AtmosTransport.Preprocessing.allocate_raw_window Method
allocate_raw_window(settings::GEOSSettings; FT, Nz) -> RawWindowPre-allocate a per-window workspace for the GEOS reader: 6 zero-filled panel arrays each for m, m_next, qv, qv_next, am, bm (shape (Nc, Nc, Nz)) and ps, ps_next (shape (Nc, Nc)).
When settings.include_convection, also allocates cmfmc (interfaces, shape (Nc, Nc, Nz + 1) per panel) and dtrain (centers, shape (Nc, Nc, Nz) per panel). Cross-topology winds (u, v) stay nothing here — they are produced by the orchestrator only when the target grid differs from the source.
AtmosTransport.Preprocessing.allocate_tm5_workspace Method
allocate_tm5_workspace(Nlon_src, Nlat_src, Nz_native, Nz, FT;
regridder=nothing, target_nlon=Nlon_src,
target_nlat=Nlat_src) -> TM5PreprocessingWorkspaceAllocate the TM5 preprocessing workspace. Pass regridder=nothing for identity (source and target grids match). Otherwise pass a ConservativeRegridding.Regridder built via build_regridder(source_mesh, target_mesh) from src/Regridding/.
AtmosTransport.Preprocessing.allocate_window_workspace Function
allocate_window_workspace(args...; kwargs...)Construct the topology-specific AbstractWindowWorkspace{G, FT} for one preprocessing day.

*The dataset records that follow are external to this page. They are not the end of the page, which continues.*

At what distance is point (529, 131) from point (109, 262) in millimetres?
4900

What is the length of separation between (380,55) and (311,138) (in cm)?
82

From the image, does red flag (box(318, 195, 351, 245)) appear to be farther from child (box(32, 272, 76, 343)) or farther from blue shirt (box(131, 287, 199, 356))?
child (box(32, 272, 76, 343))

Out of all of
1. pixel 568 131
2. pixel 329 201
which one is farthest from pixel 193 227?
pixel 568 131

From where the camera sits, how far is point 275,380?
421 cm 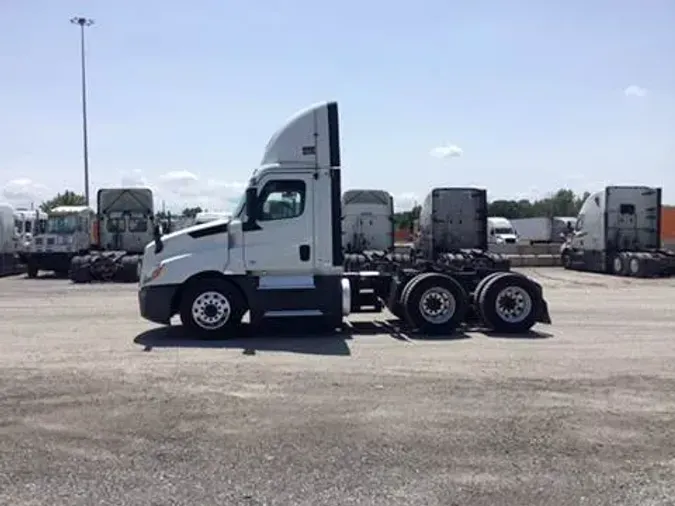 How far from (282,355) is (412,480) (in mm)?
5941

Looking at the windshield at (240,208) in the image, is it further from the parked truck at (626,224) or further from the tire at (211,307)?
the parked truck at (626,224)

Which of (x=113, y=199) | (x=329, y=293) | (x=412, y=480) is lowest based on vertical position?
(x=412, y=480)

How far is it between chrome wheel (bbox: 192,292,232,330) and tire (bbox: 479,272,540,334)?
4.36m

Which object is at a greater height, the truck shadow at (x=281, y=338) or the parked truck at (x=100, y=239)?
the parked truck at (x=100, y=239)

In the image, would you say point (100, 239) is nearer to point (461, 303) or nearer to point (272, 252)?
point (272, 252)

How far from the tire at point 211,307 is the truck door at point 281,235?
55 centimetres

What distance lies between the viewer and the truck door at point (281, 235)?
529 inches

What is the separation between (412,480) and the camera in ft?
19.1

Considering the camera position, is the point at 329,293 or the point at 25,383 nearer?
the point at 25,383

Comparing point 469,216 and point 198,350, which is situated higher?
point 469,216

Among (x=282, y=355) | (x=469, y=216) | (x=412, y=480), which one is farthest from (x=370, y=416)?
(x=469, y=216)

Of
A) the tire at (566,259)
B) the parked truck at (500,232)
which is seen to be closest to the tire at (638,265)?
the tire at (566,259)

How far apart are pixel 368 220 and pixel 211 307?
20.6 m

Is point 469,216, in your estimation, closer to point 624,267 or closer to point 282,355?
point 624,267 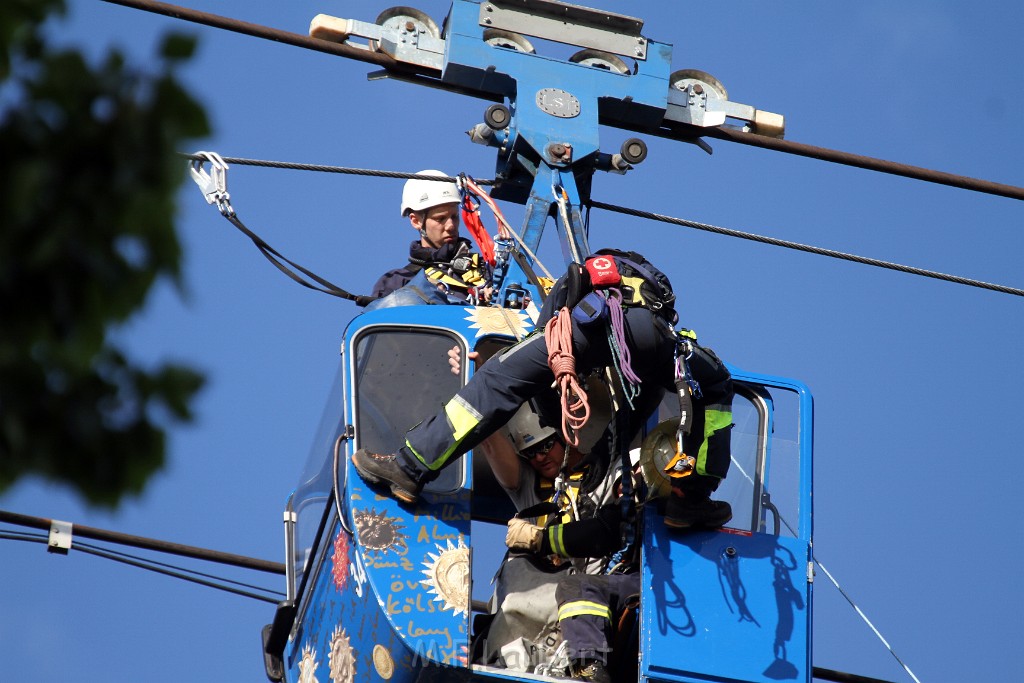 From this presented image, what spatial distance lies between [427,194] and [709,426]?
112 inches

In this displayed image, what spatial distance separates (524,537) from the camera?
24.1 ft

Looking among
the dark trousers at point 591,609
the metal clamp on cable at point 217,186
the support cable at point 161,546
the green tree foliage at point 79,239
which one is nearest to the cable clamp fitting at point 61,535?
the support cable at point 161,546

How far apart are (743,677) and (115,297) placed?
4985mm

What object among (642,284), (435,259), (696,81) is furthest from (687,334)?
(696,81)

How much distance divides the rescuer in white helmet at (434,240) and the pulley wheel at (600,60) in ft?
3.64

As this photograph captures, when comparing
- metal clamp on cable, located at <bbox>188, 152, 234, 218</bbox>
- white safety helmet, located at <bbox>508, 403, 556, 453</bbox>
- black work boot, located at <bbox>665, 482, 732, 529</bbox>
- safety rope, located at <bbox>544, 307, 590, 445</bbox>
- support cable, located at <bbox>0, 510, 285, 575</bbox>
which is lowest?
support cable, located at <bbox>0, 510, 285, 575</bbox>

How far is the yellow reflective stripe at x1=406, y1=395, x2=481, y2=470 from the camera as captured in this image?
23.2 feet

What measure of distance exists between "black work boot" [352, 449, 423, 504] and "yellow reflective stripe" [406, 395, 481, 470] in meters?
0.10

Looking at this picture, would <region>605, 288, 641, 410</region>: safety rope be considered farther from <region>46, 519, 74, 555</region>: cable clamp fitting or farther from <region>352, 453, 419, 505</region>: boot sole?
<region>46, 519, 74, 555</region>: cable clamp fitting

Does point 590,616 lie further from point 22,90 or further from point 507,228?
point 22,90

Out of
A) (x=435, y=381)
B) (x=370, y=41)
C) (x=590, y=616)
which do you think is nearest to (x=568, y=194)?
(x=370, y=41)

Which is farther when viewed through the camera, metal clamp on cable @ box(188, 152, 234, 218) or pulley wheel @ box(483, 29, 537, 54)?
pulley wheel @ box(483, 29, 537, 54)

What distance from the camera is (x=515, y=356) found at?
718 cm

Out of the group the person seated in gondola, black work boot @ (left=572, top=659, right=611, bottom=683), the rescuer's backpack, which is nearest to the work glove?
black work boot @ (left=572, top=659, right=611, bottom=683) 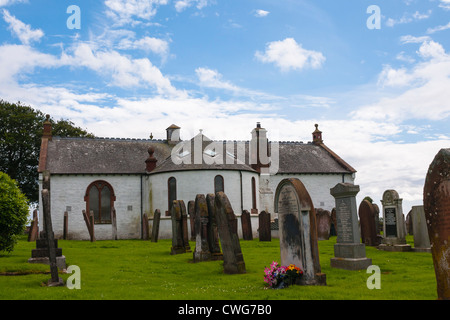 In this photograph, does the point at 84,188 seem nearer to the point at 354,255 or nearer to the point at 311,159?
the point at 311,159

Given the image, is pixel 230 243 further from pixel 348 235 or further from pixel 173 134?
pixel 173 134

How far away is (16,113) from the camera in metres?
46.0

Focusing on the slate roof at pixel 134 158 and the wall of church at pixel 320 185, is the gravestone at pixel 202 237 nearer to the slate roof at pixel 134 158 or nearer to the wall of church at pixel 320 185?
the slate roof at pixel 134 158

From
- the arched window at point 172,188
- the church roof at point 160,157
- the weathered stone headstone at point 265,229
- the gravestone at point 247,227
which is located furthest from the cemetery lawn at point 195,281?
the church roof at point 160,157

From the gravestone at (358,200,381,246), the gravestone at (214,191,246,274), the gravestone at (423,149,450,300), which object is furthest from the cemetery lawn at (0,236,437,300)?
the gravestone at (358,200,381,246)

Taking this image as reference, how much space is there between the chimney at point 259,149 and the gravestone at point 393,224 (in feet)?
63.3

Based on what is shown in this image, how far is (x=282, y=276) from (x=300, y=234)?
1151mm

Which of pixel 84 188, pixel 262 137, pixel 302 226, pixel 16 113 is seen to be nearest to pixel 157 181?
pixel 84 188

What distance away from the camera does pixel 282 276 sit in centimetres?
1064

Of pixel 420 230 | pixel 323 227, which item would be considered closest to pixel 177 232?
pixel 323 227

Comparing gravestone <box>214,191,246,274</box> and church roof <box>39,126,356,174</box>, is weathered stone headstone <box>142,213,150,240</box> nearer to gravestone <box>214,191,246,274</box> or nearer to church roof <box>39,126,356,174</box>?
church roof <box>39,126,356,174</box>

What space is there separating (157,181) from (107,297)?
2508 centimetres

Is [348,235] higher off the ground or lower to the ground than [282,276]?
higher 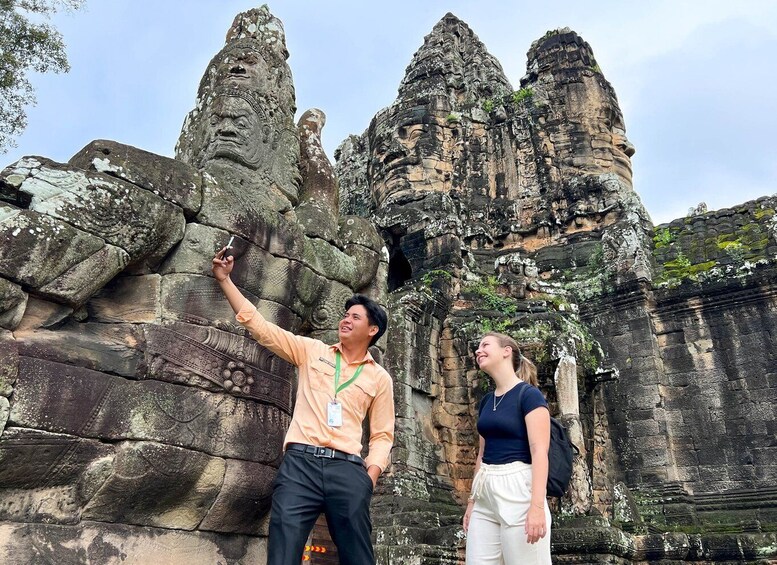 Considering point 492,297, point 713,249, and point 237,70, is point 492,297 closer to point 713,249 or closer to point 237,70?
point 713,249

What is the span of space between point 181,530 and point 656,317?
1293 cm

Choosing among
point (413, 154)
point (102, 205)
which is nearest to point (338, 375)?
point (102, 205)

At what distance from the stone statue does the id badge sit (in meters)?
0.64

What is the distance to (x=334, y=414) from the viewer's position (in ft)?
11.4

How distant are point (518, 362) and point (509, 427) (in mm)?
546

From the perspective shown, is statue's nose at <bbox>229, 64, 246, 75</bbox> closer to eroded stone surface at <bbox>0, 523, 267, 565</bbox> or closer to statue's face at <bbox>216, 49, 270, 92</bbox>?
statue's face at <bbox>216, 49, 270, 92</bbox>

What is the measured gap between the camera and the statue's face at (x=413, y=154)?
18.8 meters

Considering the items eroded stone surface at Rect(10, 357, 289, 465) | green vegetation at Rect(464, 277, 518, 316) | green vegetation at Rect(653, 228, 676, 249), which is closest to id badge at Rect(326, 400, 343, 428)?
eroded stone surface at Rect(10, 357, 289, 465)

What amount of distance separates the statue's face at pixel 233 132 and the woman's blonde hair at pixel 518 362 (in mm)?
1958

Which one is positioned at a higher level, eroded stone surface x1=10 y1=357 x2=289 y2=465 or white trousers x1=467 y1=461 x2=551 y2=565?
eroded stone surface x1=10 y1=357 x2=289 y2=465

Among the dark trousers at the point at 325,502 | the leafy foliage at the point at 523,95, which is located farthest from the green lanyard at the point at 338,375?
the leafy foliage at the point at 523,95

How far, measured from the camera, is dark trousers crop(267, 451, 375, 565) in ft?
10.7

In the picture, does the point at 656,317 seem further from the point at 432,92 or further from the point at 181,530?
the point at 181,530

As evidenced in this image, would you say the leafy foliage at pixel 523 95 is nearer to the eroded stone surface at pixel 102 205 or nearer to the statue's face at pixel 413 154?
the statue's face at pixel 413 154
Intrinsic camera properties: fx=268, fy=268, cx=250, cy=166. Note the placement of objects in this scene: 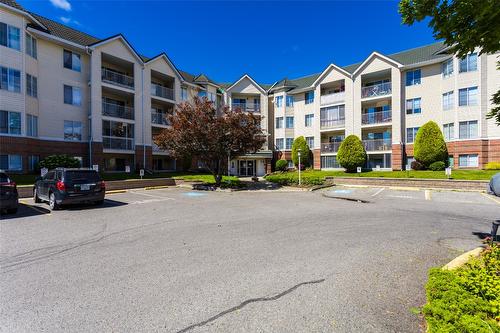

Concrete methods land as production drivers migrate.
AtmosTransport.Preprocessing.apply_vertical! Function
apply_vertical!(buf_out, buf_in, plan::VerticalPlan, kind::AbstractFieldKind, args...)Apply the vertical transform to one window of buf_in, writing the result into buf_out. Dispatches on the (plan.transform, kind) combination:
Extensive center fields (
MassField,TracerMassField,MassFluxField,ConvectionTendencyField) sum native layers within each output group.Interface fields (
PressureFluxField,ConvectionInterfaceFlux) select the kept half-level interfaces.IntensiveCenterFieldtakes an additional positionalweightsargument (native mass-per-layer); produces the mass-weighted mean within each output group.SurfaceFieldis a passthrough copy (no vertical reduction).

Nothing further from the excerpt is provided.